» Records for the exercise:
------------------------------------------------------------------------

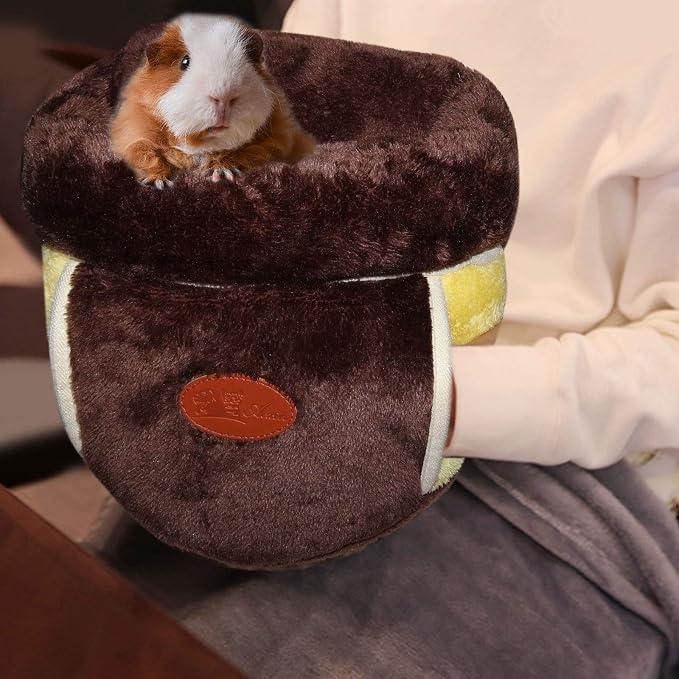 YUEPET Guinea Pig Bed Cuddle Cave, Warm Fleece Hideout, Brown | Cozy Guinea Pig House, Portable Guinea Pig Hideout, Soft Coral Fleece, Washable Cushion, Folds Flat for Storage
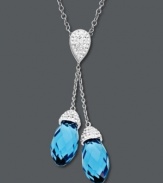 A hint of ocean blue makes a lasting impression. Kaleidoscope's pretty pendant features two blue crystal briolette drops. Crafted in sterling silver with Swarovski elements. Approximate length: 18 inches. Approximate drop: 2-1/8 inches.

------------------------------------------------------------------------

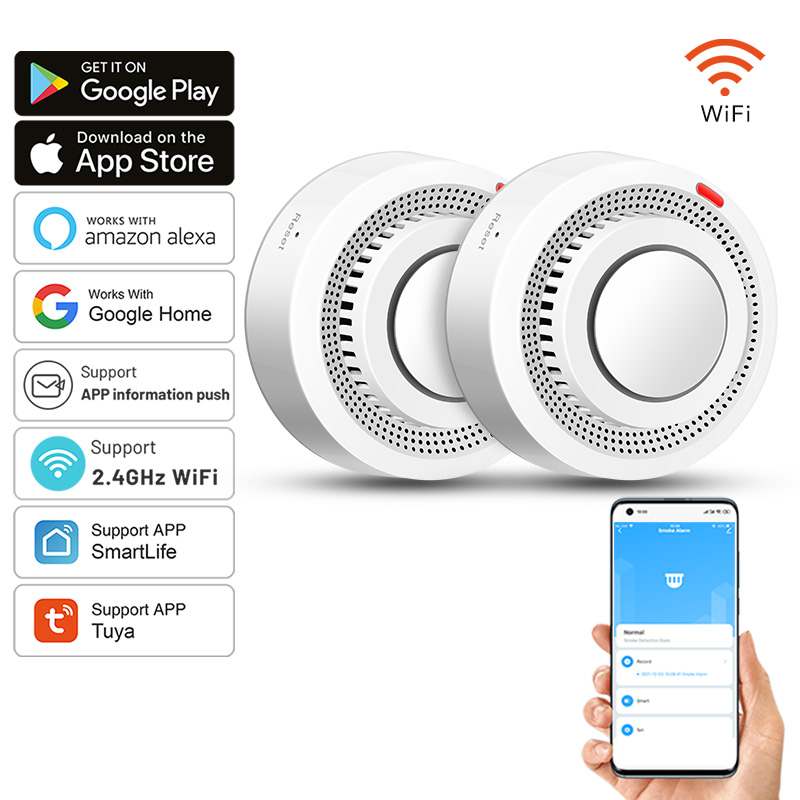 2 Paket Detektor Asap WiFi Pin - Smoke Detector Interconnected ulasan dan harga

------------------------------------------------------------------------

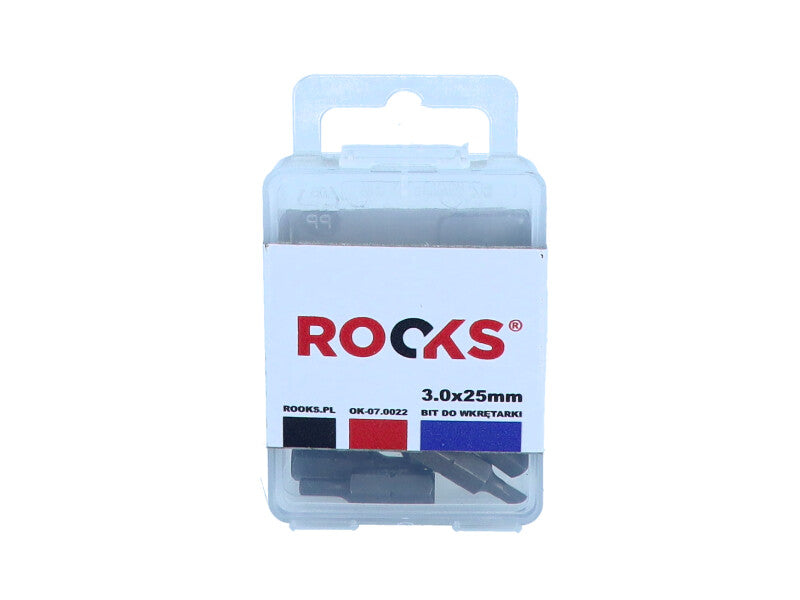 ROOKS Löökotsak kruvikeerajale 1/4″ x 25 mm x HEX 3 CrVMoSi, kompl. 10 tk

------------------------------------------------------------------------

» Work required:
Once the line with "YUEPET Guinea Pig" is found in the data above, reproduce it and each line after it exactly, through the line with "A hint of ocean". Omit the pictures.

» Solution below:
 YUEPET Guinea Pig Bed Cuddle Cave, Warm Fleece Hideout, Brown | Cozy Guinea Pig House, Portable Guinea Pig Hideout, Soft Coral Fleece, Washable Cushion, Folds Flat for Storage
 A hint of ocean blue makes a lasting impression. Kaleidoscope's pretty pendant features two blue crystal briolette drops. Crafted in sterling silver with Swarovski elements. Approximate length: 18 inches. Approximate drop: 2-1/8 inches.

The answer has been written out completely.